At the end of the day, the government had applied and determined a budget for this particular upgrade and consulted on an upgrade consistent with the budget that was provided. It was not, and never was, in the context of the budget, and in relation to the upgrade, the government’s intention that potable water would be applied through an inground irrigation system to irrigate grass in Green Square. The government entered negotiations for consultation and discussion on that basis. It was a decision made for two reasons. One was budgetary and the other, and more interestingly, particularly in relation to the Greens party attitude on this issue, was around the sustained and appropriate use of a very rare and valuable resource—water—and an equity issue.
It is interesting to me—I have not done a late count—that there are in excess of 80 shopping centres in the ACT. Except for patches of grass that are watered, I think two or three shopping centres additionally or historically have irrigation. That irrigation, as I have explained previously, is now being maintained simply to keep alive trees that have become dependent over the decades on a ready supply of water.

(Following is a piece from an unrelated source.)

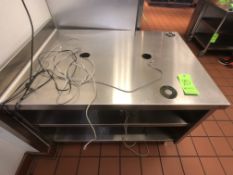 Approx. 48" L x 33" W S/S Counter with S/S Shelves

One such place is Ainslie Avenue, across the road from the Assembly. That grass is irrigated. That grass is irrigated on the basis of horticultural advice that if we do not water the grass, the trees will not be watered and each of the London plane trees in Ainslie Avenue would die. Similarly, with the Lawns at Manuka, we water the grass for the sole purpose of keeping the plane trees alive, not to keep the grass irrigated or alive.
We have changed our attitude and philosophy in the eighth year of this drought, and being mindful of climate change and the rarity and value of water, and around a straight, I believe, and simple issue of equity. If we, today, put inground irrigation into Green Square and used potable water to keep the grass growing in Green Square, on what basis would the government then, on representations from active members of this Assembly, deny that same facility to the other 80 shopping centres that have no irrigated grass?
MR SPEAKER: Ms Le Couteur, a supplementary question?
MS LE COUTEUR: Thank you, Mr Speaker. Mr Stanhope, what communication did you have with ACTPLA regarding the Kingston master planning process, and were residents informed as part of that consultation process that Green Square would not in fact have a lawn, for the reasons you have just outlined?
MR STANHOPE: I do not think I have had any contact with ACTPLA in relation to the master plan. The master plan process has not been completed. It is a statutory process. The responsible minister is the Minister for Planning. But even in that event I am not sure that the Minister for Planning—I do not know; I do not speak for the Minister for Planning.